I needed a few queries to generate the following correctness lemmas: every element is less or equal to the maximal_element
, and the maximal_element
is a member of the tree. (The ChatGPT-generated proofs were nonsense -- Coq gave an error.)
Lemma maximal_element_corr (tree : binTree nat): (forall x m, member_of x tree -> maximal_element tree = Some m -> x <= m). Lemma maximal_element_member (tree : binTree nat) : forall m, maximal_element tree = Some m -> member_of m tree.
As the maximal_element
function is incorrect, we will not be able to prove it.
We must fix maximal_element
first.
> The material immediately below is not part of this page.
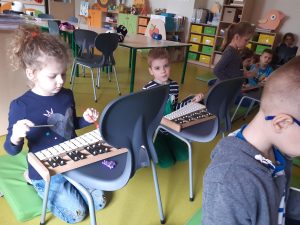 Dzieci siedzą na podłodze. Przed każdym z nich stoi krzesełko z dzwonkami.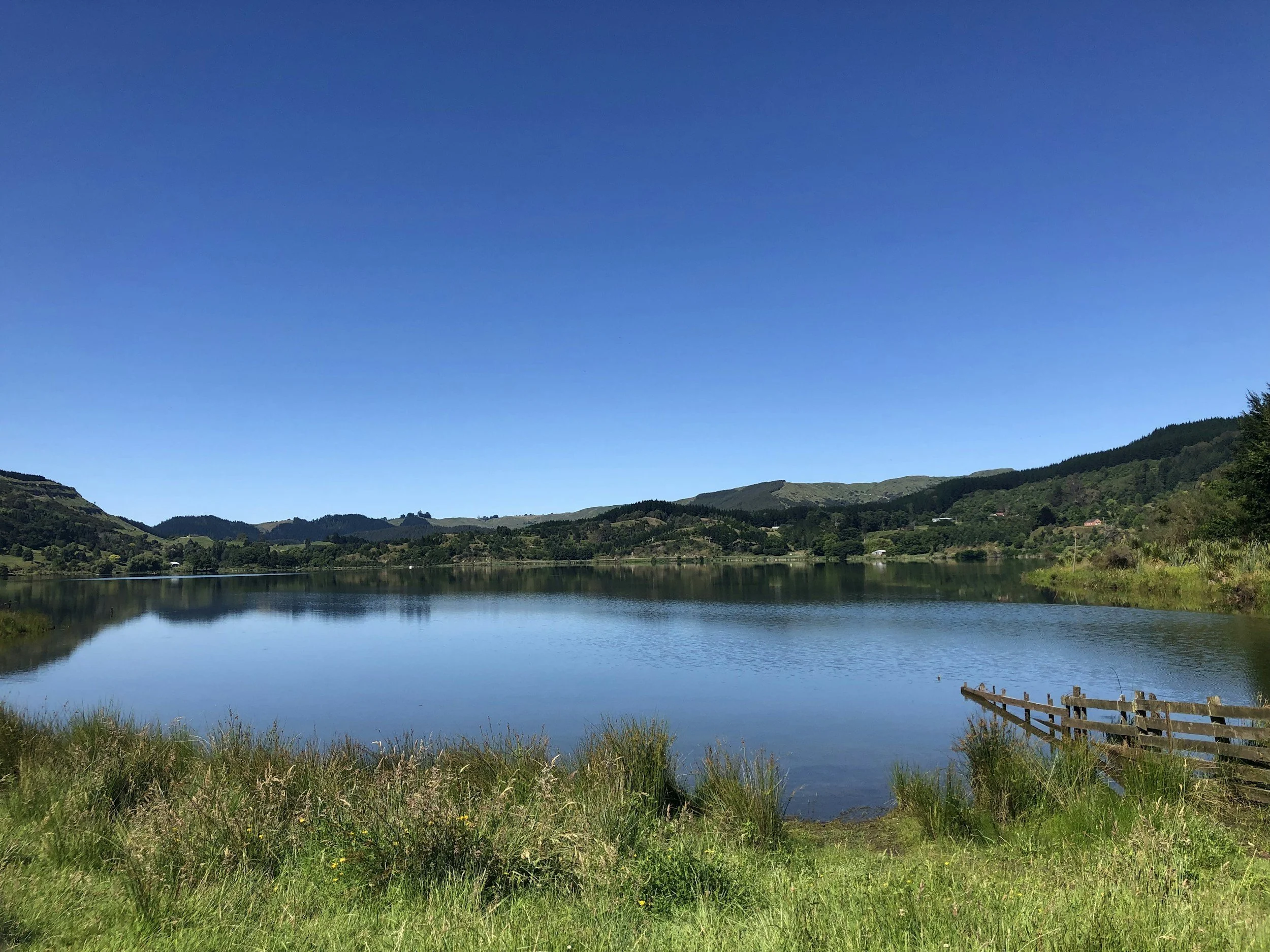 Hills reflected in a still lake on a calm day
After several prompts to ChatGPT, we were able to generate the following functions.
Fixpoint maximal_element (tree : binTree nat) : option nat := match tree with | Leaf (Some x) => Some x | Node _ l v r => match (maximal_element l), (maximal_element r) with | Some max_l, Some max_r => Some (max (max v max_l) max_r) | Some max_l, None => Some (max v max_l) | None, Some max_r => Some (max v max_r) | None, None => Some v end | Leaf None => None end.
A future AI version might be able to generate the following hand-crafted proof -- which means that the maximal_element
function is now actually (partially) correct.
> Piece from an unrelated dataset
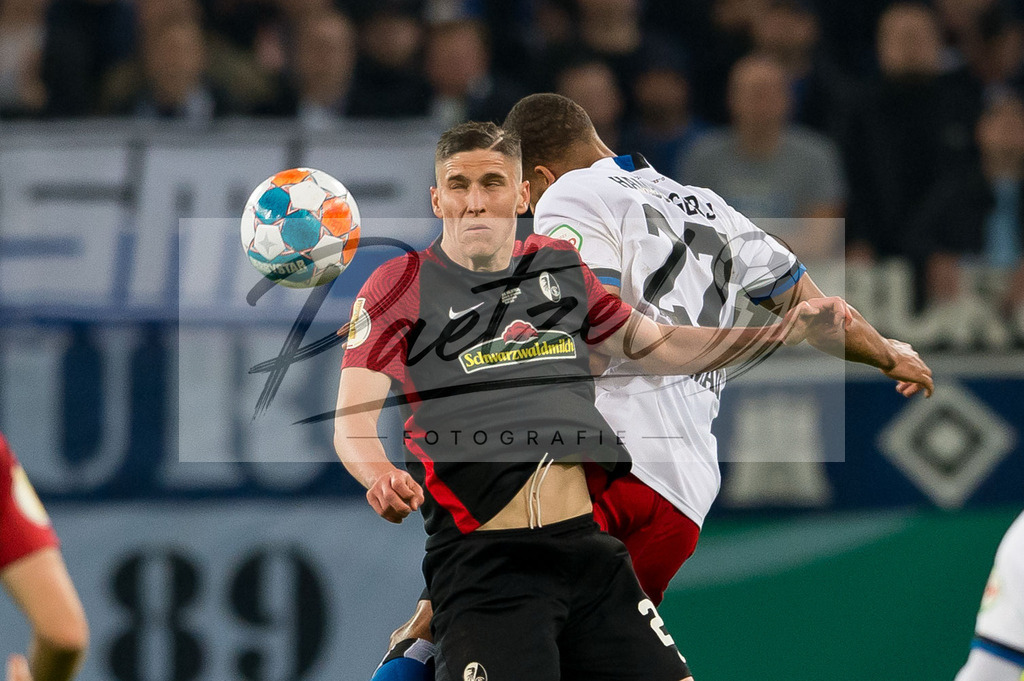 HSVSCF20220419_117 | Fussball, Herren: Roland Sallai (SC Freiburg) und Josha Vagnoman (Hamburger SV) im Zweikampf beim DFB-Pokal-Halbfinalspiel zwischen Hamburger SV und SC Freiburg im Volksparkstadion am 19.04.2022 in Hamburg, Deutschland.DFB / DFL REGULATIONS PROHIBIT ANY USE OF PHOTOGRAPHS AS IMAGE SEQUENCES AND/OR QUASI-VIDEO. - Realisiert mit Pictrs.com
Lemma maximal_element_member (tree : binTree nat) : forall m, maximal_element tree = Some m -> member_of m tree. Proof. induction tree; cbn; intros m H. - destruct o; inversion H. apply Member_Leaf. - destruct (maximal_element tree1) eqn:E1. -- destruct (maximal_element tree2) eqn:E2; inv_clear H. --- edestruct (max_spec (max a n) n0); destruct H; edestruct (max_spec a n); destruct H1; try rewrite H; try rewrite H1; auto; (constructor; auto;fail). --- edestruct (max_spec a n); destruct H; try rewrite H; try rewrite H; auto; (constructor; auto;fail). -- destruct (maximal_element tree2) eqn:E2; inv_clear H. --- edestruct (max_spec a n); destruct H; try rewrite H; try rewrite H1; auto; (constructor; auto;fail). --- constructor. Qed. Lemma max_none t x: maximal_element t = None -> member_of x t -> False. Proof. induction t; cbn; intros. + destruct o; [inversion H| inversion H0]. + destruct (maximal_element t1) eqn:E1. ++ destruct (maximal_element t2); inversion H. ++ destruct (maximal_element t2); inversion H. Qed. Lemma maximal_element_corr (tree : binTree nat): (forall x m, member_of x tree -> maximal_element tree = Some m -> x <= m). Proof. induction tree; cbn; intros x m M H. - destruct o; inversion H. inversion M. lia. - destruct (maximal_element tree1) eqn:E1. -- destruct (maximal_element tree2) eqn:E2; inv_clear H. --- edestruct (max_spec (max a n) n0); destruct H; edestruct (max_spec a n); destruct H1; try rewrite H; try rewrite H1; inv_clear M; try lia; try eapply IHtree1 in H5; auto; try lia; try eapply IHtree2 in H5; auto; try lia. --- edestruct (max_spec a n); destruct H; try rewrite H; try rewrite H1; inv_clear M; try lia; try eapply IHtree1 in H3; auto; try lia; eapply max_none in E2; eauto; inversion E2. -- destruct (maximal_element tree2) eqn:E2; inv_clear H. --- edestruct (max_spec a n); destruct H; try rewrite H; inv_clear M; auto; try eapply IHtree2 in H3; auto; try lia; eapply max_none in E1; eauto; inversion E1. --- inv_clear M; try lia. + eapply max_none in E1; eauto; inversion E1. + eapply max_none in E2; eauto; inversion E2. Qed.